- _AIM OF THE TASK_
The answer must be an exact copy of the entries below, with no images in it.

- _Image-caption web data_
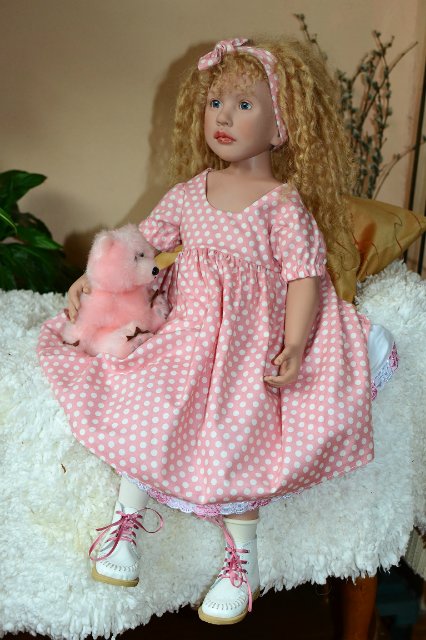 Платье в горошек. Коллекционная кукла Zwergnase, Eugenia (фото 4)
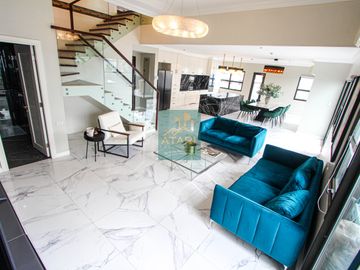 Luxurious 3BR Bi-level Penthouse in Avalon, Cebu Business Park for Sale!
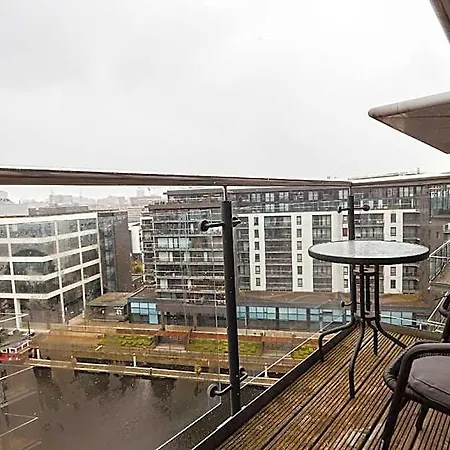 公寓 Primedoorstep Deluxe Apt, River Canal View& Free Parking!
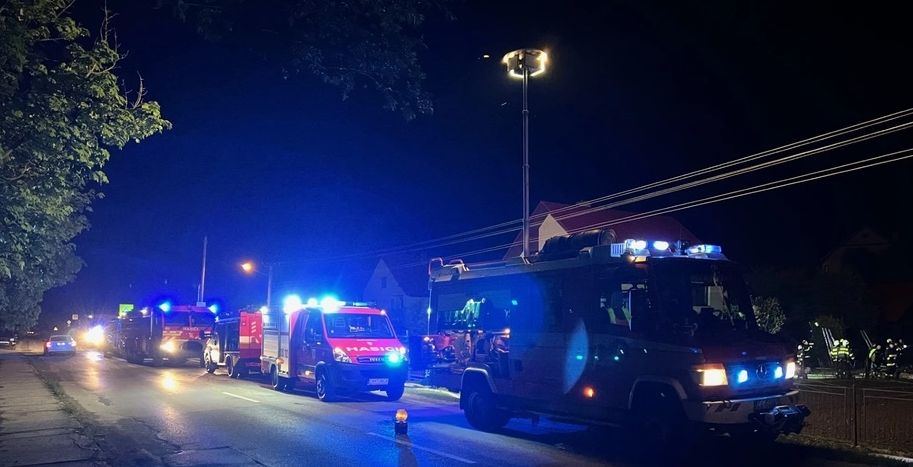 K požiaru vyštartovalo niekoľko hasičov z okolia. FOTO: TV JOJ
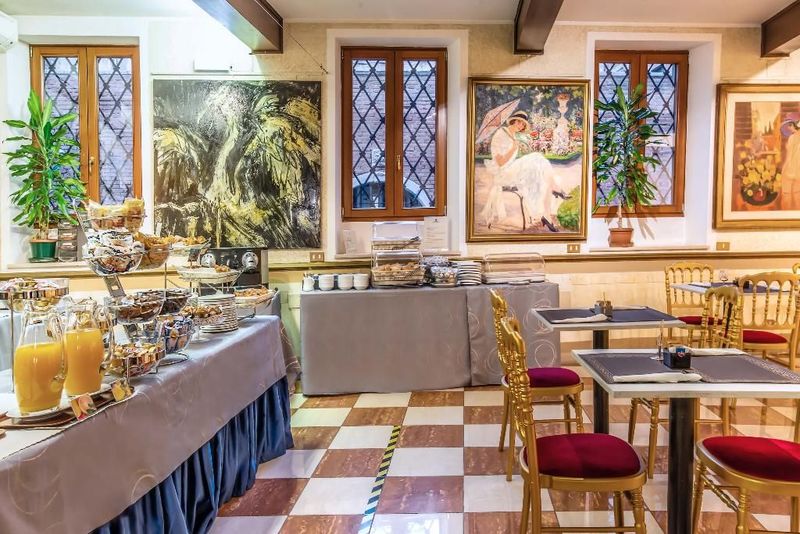 Hotel La Fenice et des Artistes - Image 5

- _ANSWER SECTION_
 Платье в горошек. Коллекционная кукла Zwergnase, Eugenia (фото 4)
 Luxurious 3BR Bi-level Penthouse in Avalon, Cebu Business Park for Sale!
 公寓 Primedoorstep Deluxe Apt, River Canal View& Free Parking!
 K požiaru vyštartovalo niekoľko hasičov z okolia. FOTO: TV JOJ
 Hotel La Fenice et des Artistes - Image 5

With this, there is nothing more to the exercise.